Kill The Bar Exam

LawProfBlawg wants to know: what's the point of the bar exam?

Seventeen years ago, a friend of mine wrote a scathing discussion of the bar exam. He sent it to… his friendly neighborhood bar journal. Not surprisingly, the bar journal rejected the piece. He asked me to revise it and share it with you.

KILL BILL BAR

I remember taking the bar exam like it was yesterday. Opening up the essay portion to a fact pattern, I spouted off rules to apply from memory, perhaps getting some of them wrong. This was terribly uncomfortable: I didn’t have malpractice insurance. And the Bar was compelling me to engage in this terrible malpractice.

What’s the point of the bar exam?
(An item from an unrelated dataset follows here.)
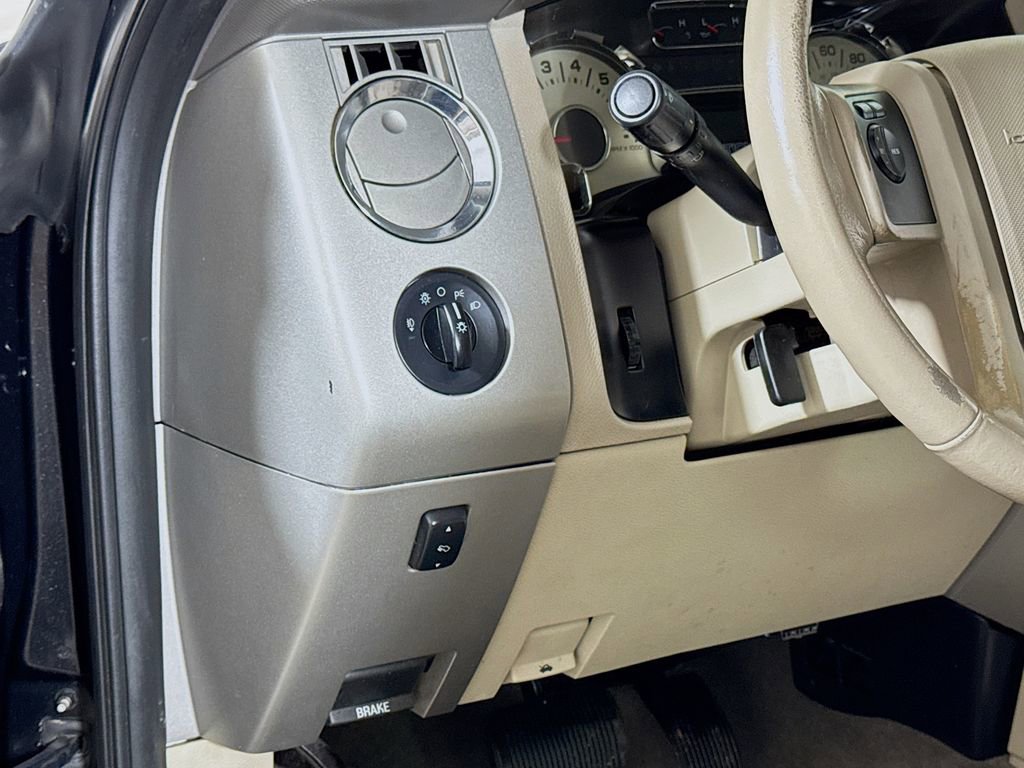 Used 2014 Ford Expedition EL Limited w/ Equipment Group 301A image 8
I spent a billion dollars to go to law school, then put another large sum toward a bar prep course, forgoing wages so I could dedicate myself to studying, stressing, losing sleep, and watching videos or live presentations from…. law professors, who were alive or dead. Didn’t I just leave that scene?

In a time when the ABA and others are screaming for reform in legal education, it is time to look within. What’s the goal of the bar exam?

Possible Goals of the Bar Exam

  1. Well, it is called a BAR. A bar is a hurdle, a barrier. Something that prevents entry. The purpose is maybe to limit the number of lawyers. I fell asleep when my antitrust professor was talking about raising prices by limiting numbers of providers. Something like that.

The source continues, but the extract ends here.